WHAT THE TASK REQUIRES -
Reproduce the listing in full. Omit the pictures.

DATA BELOW -
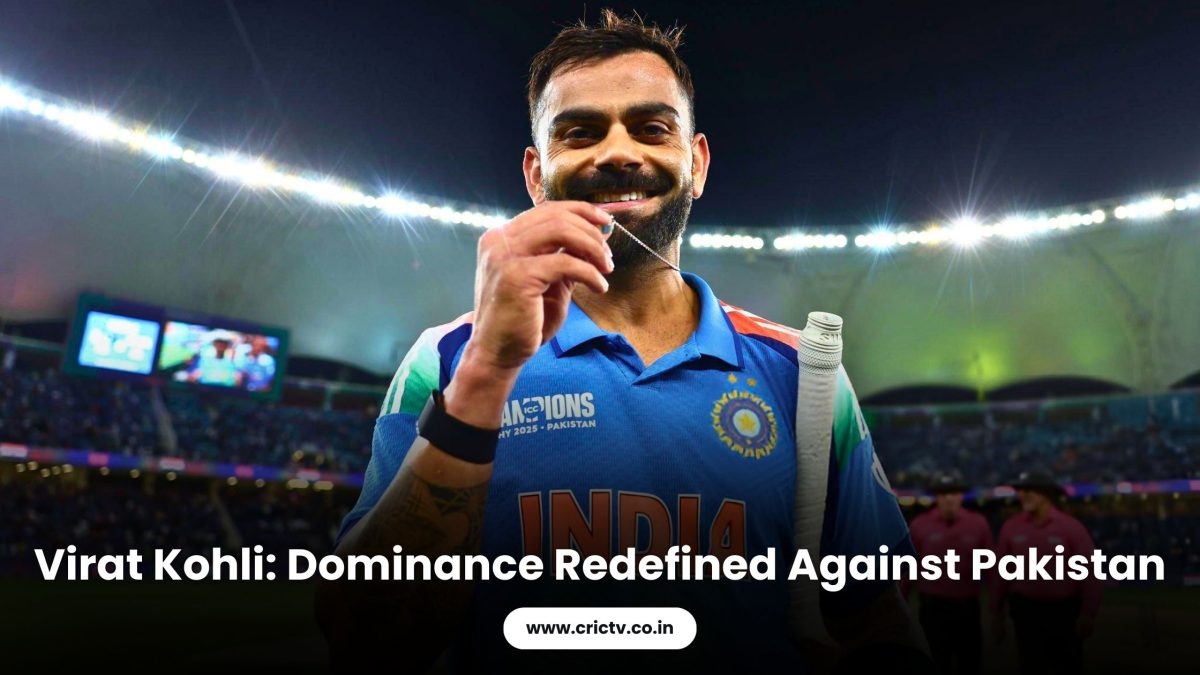 Virat Kohli: Dominance Redefined Against Pakistan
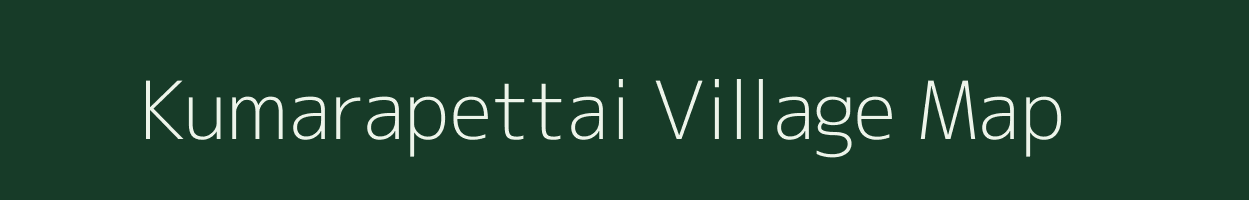 Kumarapettai village map in Tamil Nadu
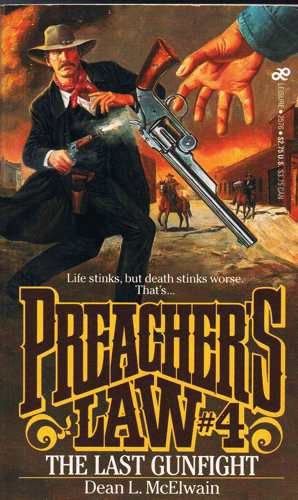 Stock image for The Last Gunfight (Preacher's Law) for sale by madelyns books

ANSWER -
 Virat Kohli: Dominance Redefined Against Pakistan
 Kumarapettai village map in Tamil Nadu
 Stock image for The Last Gunfight (Preacher's Law) for sale by madelyns books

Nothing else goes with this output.